FIRING LINE: Union still relevant
The present mood in the country seems to be one of impatience. Impatience with the Freundel Stuart-led Democratic Labour Party and their failure to announce a date for the elections, as well as impatience with the Barbados Secondary Teachers’ Union (BSTU) and the Barbados Workers’ Union (BWU) over their various ongoing labour disputes.
Discussing the delayed election announcement would perhaps be one of futility, in my opinion. Clearly, no amount of prodding, disgruntlement, analyzing or boycott will force this Prime Minister to take wise counsel and graciously announce the impending date. He will, when he feels like, according to his own rationale, that apparently is the position we have to live with. He has control over this. However, it is the people who will control the outcome – so we wait.
More important for me is the almost implicit anti-union sentiment which seems to be coming across from some segments of the population. Understandably, we have grown tired of the Alexandra School issue and of seeing Mary Redman in red. Now, we just want her and the BSTU to shut up and teach our children.

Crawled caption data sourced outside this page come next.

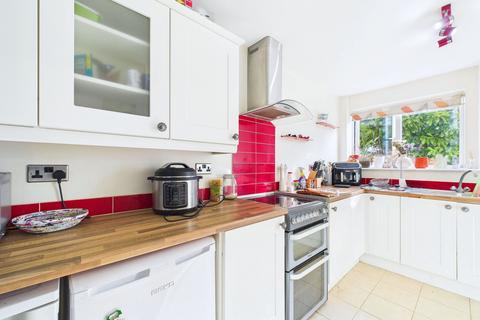 3 bedroom terraced house to rent, Radford Close, Peterborough PE8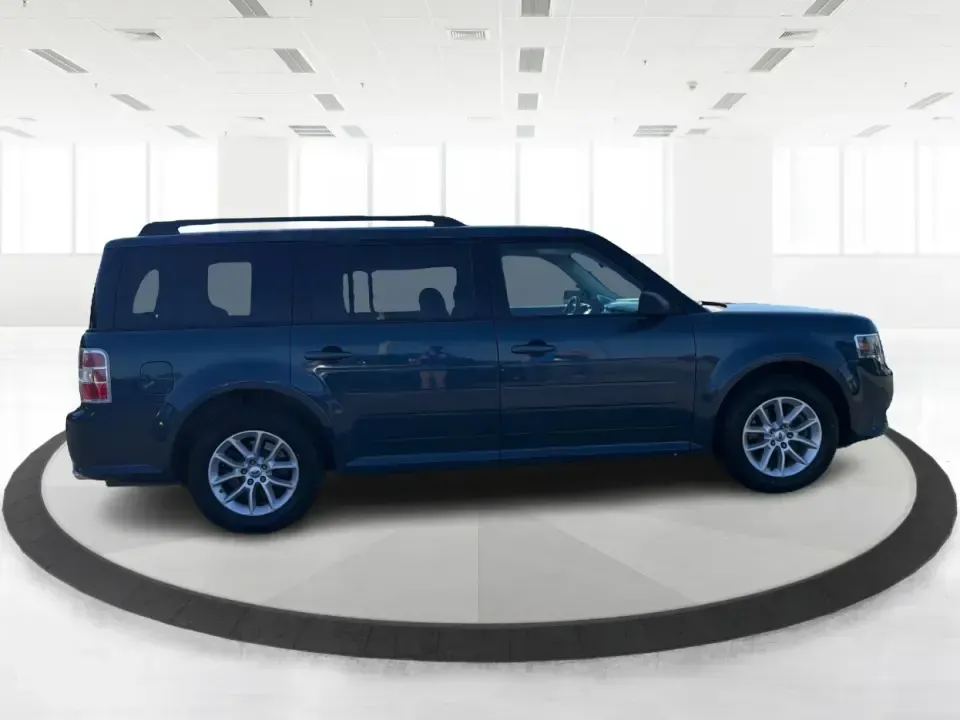 2016 Ford Flex SE FWD (2FMGK5B81GB) with an 3.5L V6 DOHC 24V engine, 6A transmission, located at 1099 N County Rd 25A, Troy, OH, 45373, (937) 908-9800, 40.057079, -84.212883 - Need one vehicle that can handle school drop-offs, long commutes down I75, and a full weekend of gear for a trip to Charleston Falls Preserve? This 2016 Ford Flex SE FWD is built for real life in Troy, Ohio-roomy for growing families, comfortable for daily drivers, and flexible (pun intended) for an - Photo#1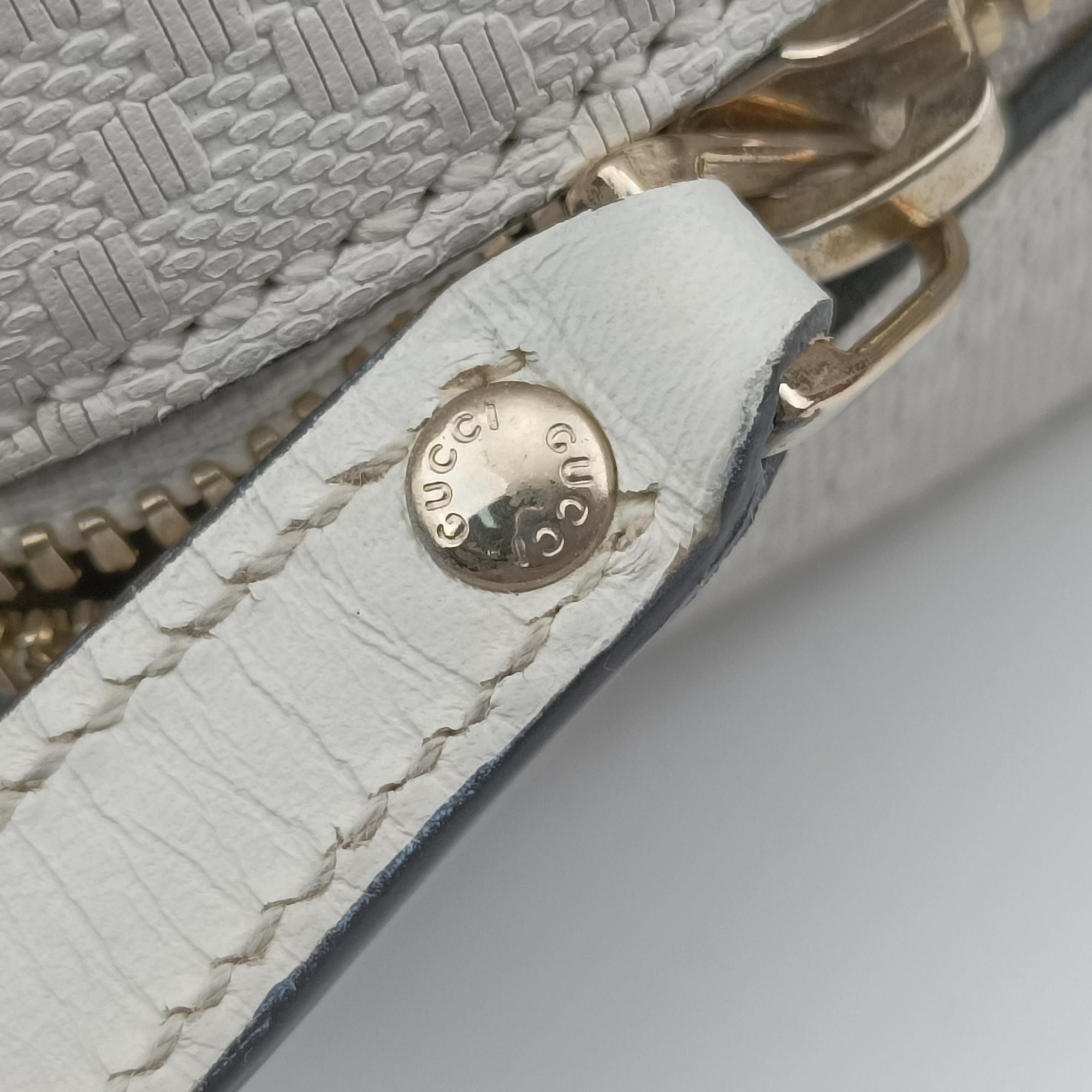 Secondhand Gucci Bright Diamante White Leather 354332 shoulderbag | stylenewstar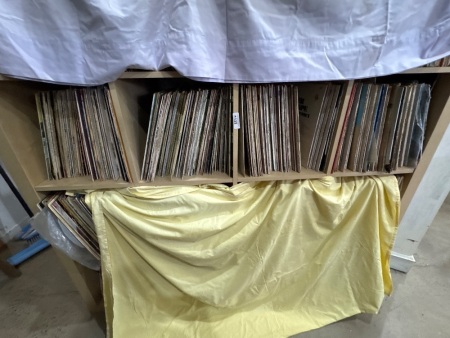 Large Lot of Mixed Genre LP Vinyl Records - please note we do not inspect each record (quantity choice lots 130 to 134)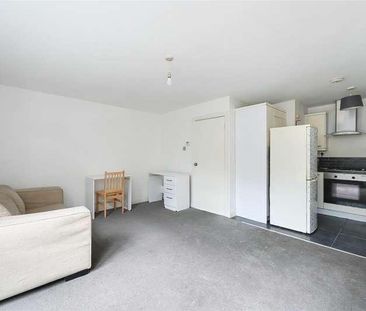 Yelverton Road, Battersea, SW11 - Photo 2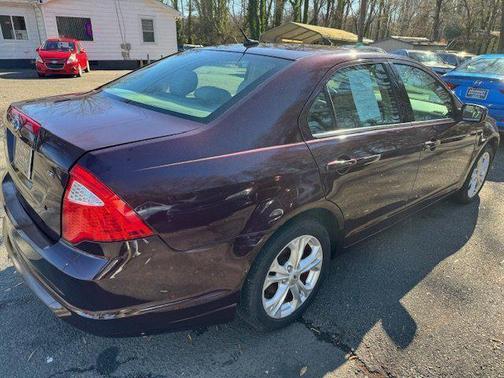 2012 Ford Fusion SE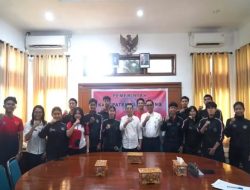 Bupati Klungkung Lepas Atlet ke Popnas XVII Menuju Jakarta, Kadisdikpora: Atlet Harus Tetap Semangat dan Selalu Menjaga Kesehatan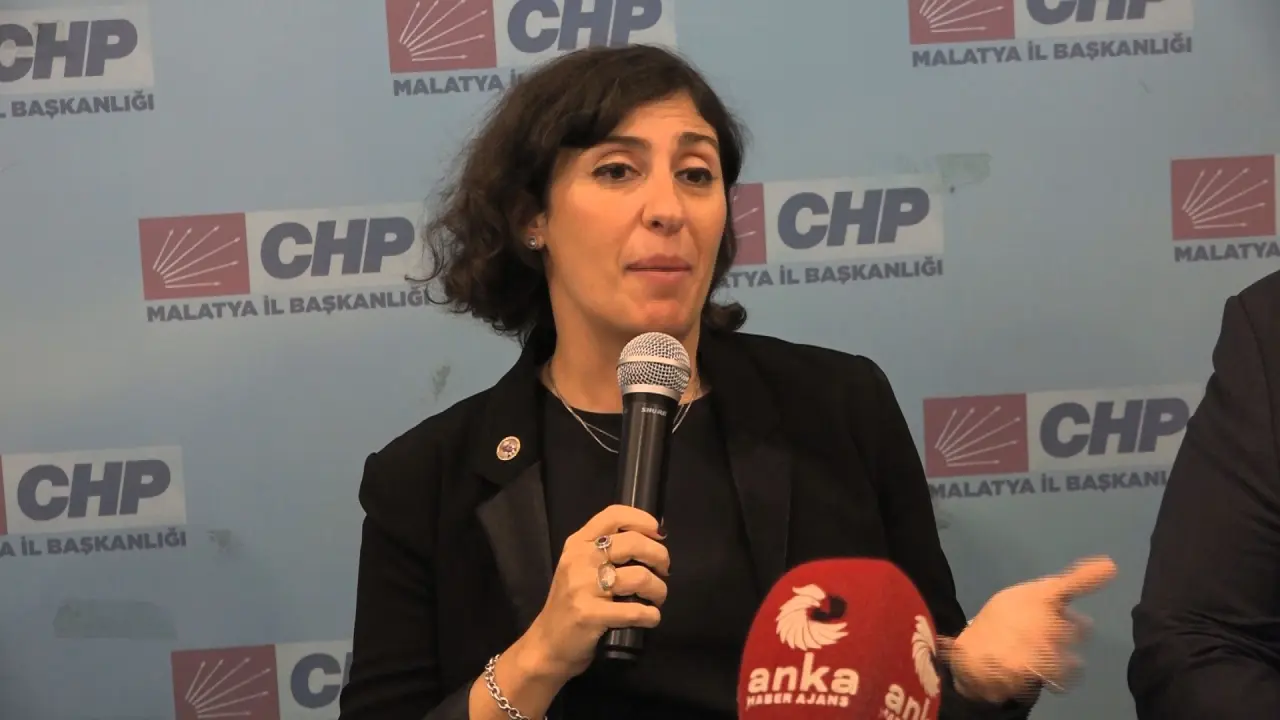 İsmet İnönü’nün 52’nci ölüm yıl dönümü dolayısıyla Malatya’da düzenlenen anma programı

In the same vein, there seems to be some suggestion that the BWU, led by Sir Roy Trotman, is making a huff and puff about nothing and ought to stop threatening strike action and accept the best efforts that are being put on the table by telecommunications company LIME.
A friend of mine went so far as to say that he could not understand why the union should have any role if a company decides to send home its workers, and that if he was in charge of LIME he would have walked away from the table ever since. I was not in the frame of mind to tell my friend at that time that his thinking was myopic and backward and, really, he perhaps ought to walk a mile in the workers’ shoes before he rushed to such judgment. What do we want? A process in which employers can hire and fire as the mood hits and profit margins dip? Is this supposed to be a best practice business model?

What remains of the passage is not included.